Re: FrontPage 98 Beta Frustrations

Subject: Re: FrontPage 98 Beta Frustrations
From: John Posada <posada -at- FAXSAV -dot- COM>
Date: Tue, 2 Dec 1997 16:46:37 -0500

Hey, guys...a simple question (expressed emotionally) about how do you insert code that isn't changed in FrontPage (which you can and I addressed how) has turned into Holy War 3; Mac vs Windows, Netscape vs Explorer and now WYSIWYG vs Hand Coding.

Where I come from, a client is interested in one thing...getting a good (in the customer's eyes) quality product up/out/etc as quickly as possible.

Let me ask the purists a question. How quickly can you put up a medium size site?

You may be one of the few that can handcode, test, and publish a 50 page site coding raw HTML in Wordpad in a day, including things like hyperlinked TOCs, survey forms, mailers, complex tables, etc. However, how many of you can claim that?
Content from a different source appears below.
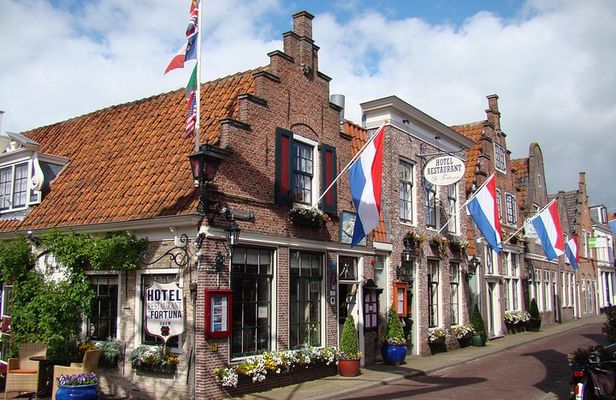 Private Dutch Ancestry tour from Amsterdam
True, you as an individual may create the sweetest code you've ever seen. However, have another code expert look at the source and there will be differences of opinion between the two of them.
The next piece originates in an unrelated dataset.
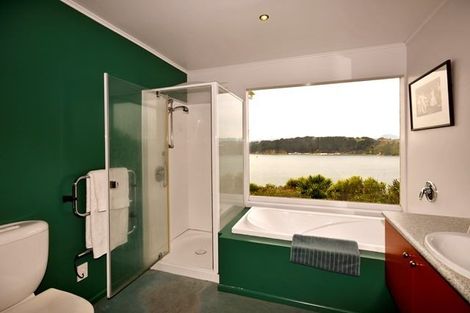 Photo of property in 67 Grafton Road, Roseneath, Wellington, 6011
You may not like the way a WYSIWYG html editor creates it's code. However, it is just as easy to create code by hand that may or may not pass 3.2 standards (or any version you wish).

Maybe there are some html coders that object more to the fact that what took them 1-2 years to learn code can now be done by someone with less training than that.


Susan W. Gallagher wrote:

> I thought it'd be pretty nice to have an HTML editor -- see codes in
> color, flip over to wysiwyg mode and back again... Boy was I wrong!
> Call me a geek if you must. I'll stick with WordPad. %-\
>

>I couldn't agree more! I've tried a couple of the so-called
>"WYSIWYG" HTML editors and found that they generate
>really sloppy HTML mark-up AND THEN WON'T LET YOU
>FIX IT. It's like working with a word-processor that insists
>on mis-spelling words. I think they're a curse.
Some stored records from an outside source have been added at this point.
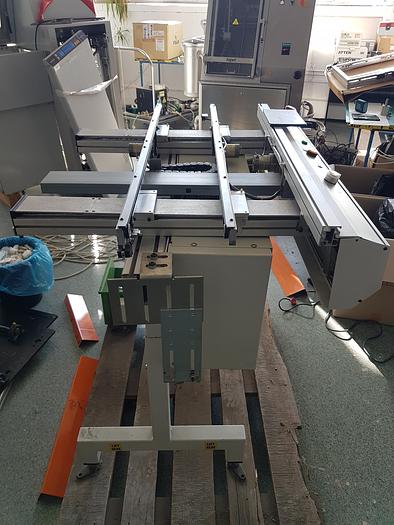 Used 2001 Universal 48777500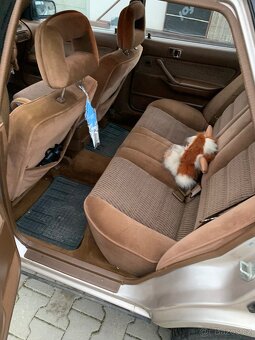 Toyota Camry 2.0TD - 5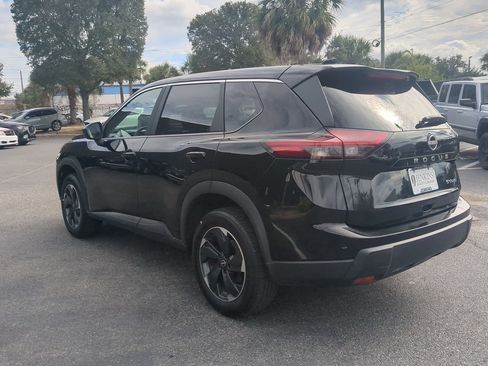 Used 2024 Nissan Rogue SV image 5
Maybe it's just knowing how the editor handles the fixing process and most of the high-end wysiwig editors don't produce code that is too bad...way more errors are attributed to design than code composition...how may sites are coded by hand and have blinking text, scrolling banners, and 10 different animated gifs scattered around.

Which is worse?

For those of you who aren't HTML purists --- WYSIWYG editors
(like FrontPage) tend to generate pages that may:
- load more slowly (because of redundant or bad tags), and

And the addition of one poorly optimized or unnecessary animated gif can blow whatever advantage coding-from-scratch gave you.

- display improperly on different types and versions of browsers.

This doesn't only apply to wysiwig editors, different browsers are supporting different standards, and if you chose to adhere to the wrong standard (anyone hand coding to Explorer 4 capabilities....boy, does my Nav3 hate that), then you will be less than perfectly compatible.

I like HomeSite. It has nice little automated features for adding links,
graphics, tables, etc., but gives you complete control over the mark-up.
If I had to translate a lot of stuff into HTML at once, I might use a
WYSIWYG editor to do all of the initial markup, but then I'd open
the files in a text file or non-WYSIWYG editor to fix them

Let's put away the "my tool is better than your tool" and concentrate on the end-user results.